On March 6th 1970, five members of a radical left group were preparing explosives for one of their most ambitious operations ever on a quiet street in Greenwich Village.  Upstairs, Cathy Wilkerson was ironing sheets and Kathy Boudin was in the shower.  Downstairs, Diana Oughton, Terry Robbins and Ted Gold were preparing nail bombs and duct-taping dynamite sticks together.  None of the members had any experience in creating such intricate explosive devices and somewhere along the way a wire was crossed where it shouldn’t have been or an electrical receiver was activated without knowing.  Out of nowhere there was an explosion, one that would forever change the lives of all the members inside that house.
Within seconds the whole house was obliterated with flames shooting high up into the air.  Neighbors came rushing out of their homes to see what had happened. One of them was Dustin Hoffman whose living room wall was blown apart next door.  There was debris scattered everywhere mixed in with shrapnel and bloody body parts. From the burning wreckage two half-naked women ran out bloodied and injured.  The crime scene was so gruesome that it took the police nine days to collect all the body parts for identification.  In the end, it was confirmed that the three members who were assembling bombs in the basement were all dead.  Surprisingly, both of the women who ran out were able to seek refuge in a neighbors’ home and then flee before the police had a chance to question them.  
Originally investigators thought this was a natural gas explosion from the ongoing fire that happened.  However, after looking through the wreckage, they found some interesting remains.   Buried underneath the rubble were 57 sticks of dynamite, pipe bombs, blasting caps, and even an anti tank shell.  None of these detonated during the initial explosion, which was quite fortunate since there was enough explosives within that basement to level two whole blocks.  This unanticipated horrific event had an impact on the group, but it didn’t stop them from carrying on their malicious agenda against the US government.  Within months they were back plotting new targets, being bolder than ever and continuing their reign of terror.
When it came to blowing up prominent buildings, the Weathermen were not shy about claiming responsibility.  Whenever a bomb was going to be planted in front of a police station or even the Pentagon, the authorities would be notified ahead of time and told what to expect. This type of boldness annoyed the US government so much that it tried to capture these radicals by any means possible such as utilizing illegal tactics in their search of the clandestine group.  While in the beginning this yielded results, in the end, however, the court systems had to let most of these terrorists go or give out lenient sentences because of the illegal searches.  Taking some of these members to trial meant that the government had to release secret information about their tactics that, for the time being, they were not willing to do.  This awkward arrangement led to most charges being dropped against the group and allowing their members’ continued existence.

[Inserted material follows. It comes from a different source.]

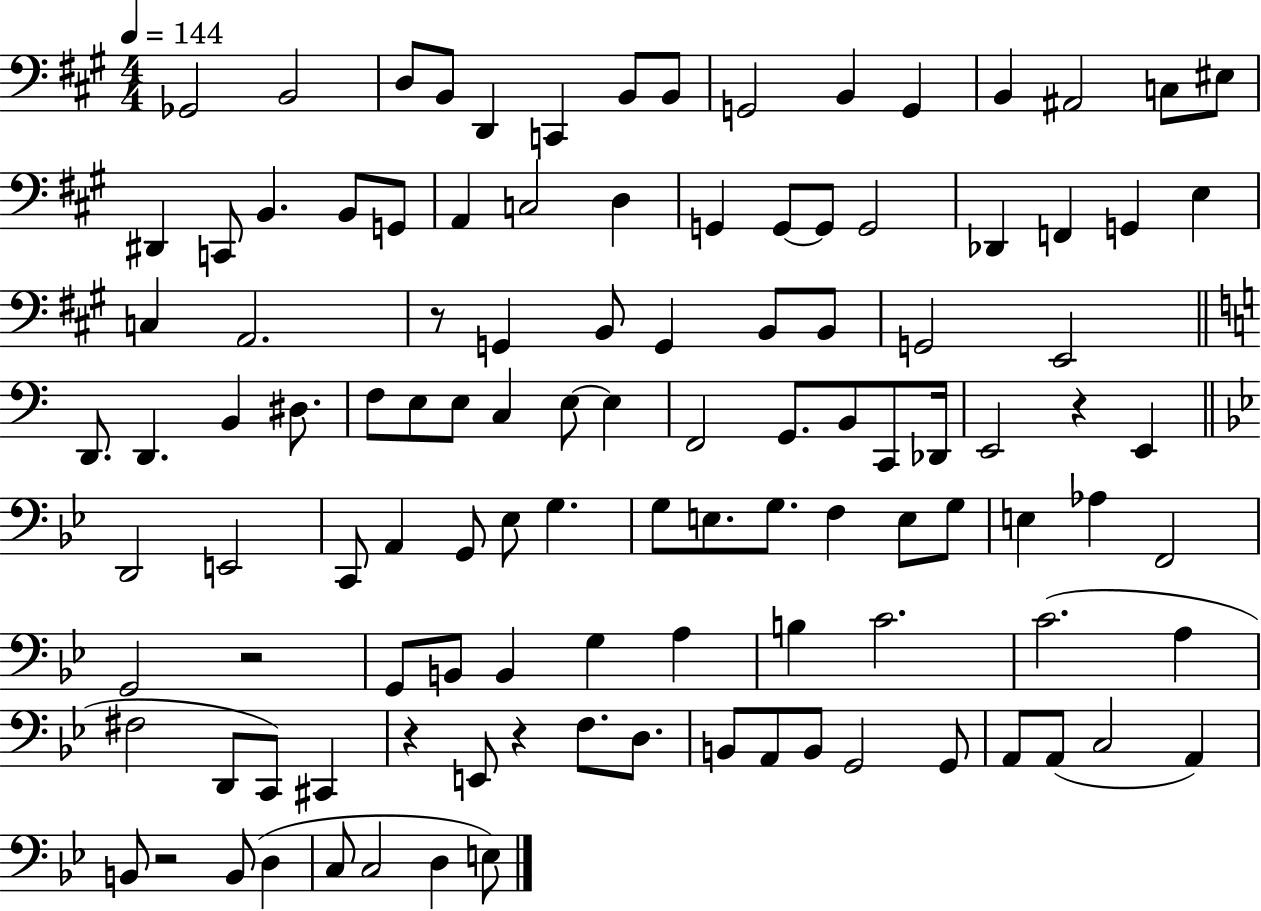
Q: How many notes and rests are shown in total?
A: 112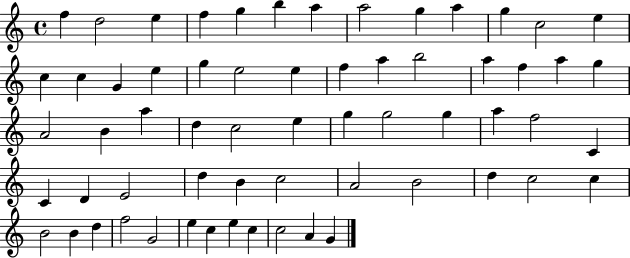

It may come to some as a surprise, but a handful of the Weathermen are still around today living a carefree life, writing books about their experiences, and speaking at lectures.  While most past members agree that their intentions were never to hurt people but to draw attention to their cause, they do not show sympathy for the damage they had done.  Their ideologies and their discontent for the government is as strong as it was 30 years ago.  While it’s safe to say that we can’t expect any more terrorist actions from these individuals, it is a little harder to stop their influence and admiration by others.  As future revolutionaries look upon themselves to make an impact on the world stage, they will surely look back at the chaos that the Weathermen have created and the legacy they have left behind for generations to come.